**Exercise description:** In the entries below, find the line with "Balenciaga Dust Baby" and the line with "Nature's i solari"; reproduce those two lines and all lines between them exactly, without pictures.

**Supplied data:**
----
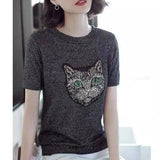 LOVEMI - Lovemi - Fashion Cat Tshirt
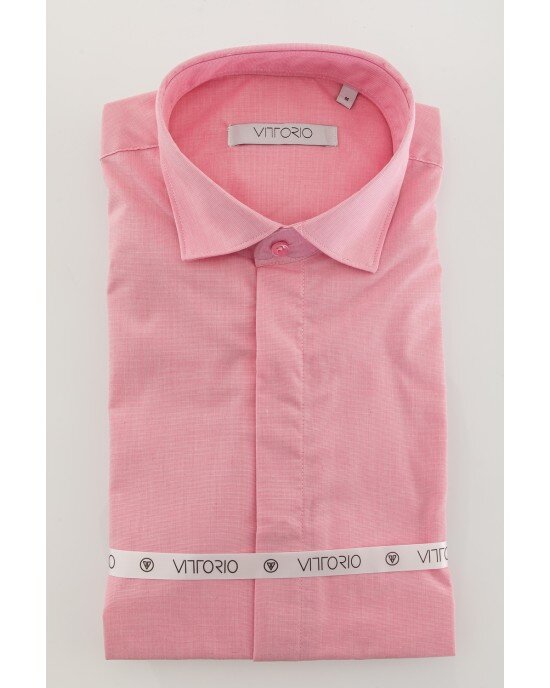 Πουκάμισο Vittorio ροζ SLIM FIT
----
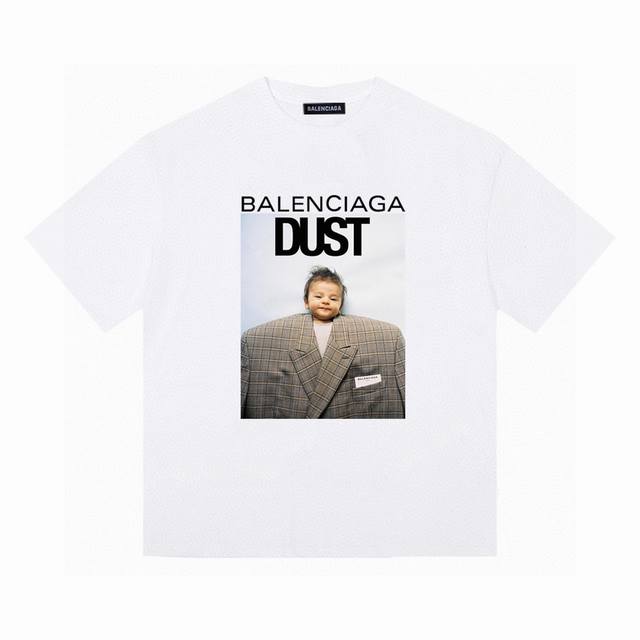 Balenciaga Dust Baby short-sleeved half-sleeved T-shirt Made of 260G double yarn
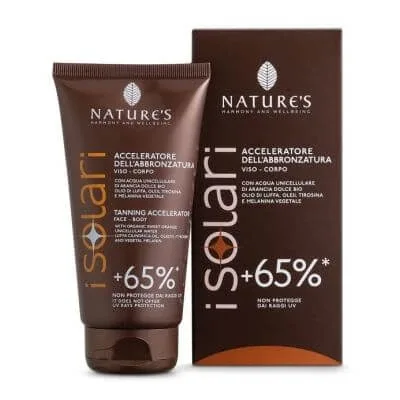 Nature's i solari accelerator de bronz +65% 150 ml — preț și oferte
----
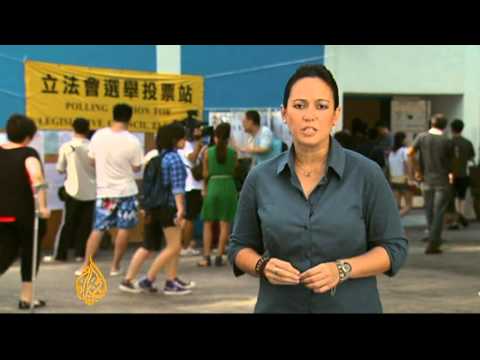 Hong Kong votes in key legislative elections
----
**Problem solution:**
 Balenciaga Dust Baby short-sleeved half-sleeved T-shirt Made of 260G double yarn
 Nature's i solari accelerator de bronz +65% 150 ml — preț și oferte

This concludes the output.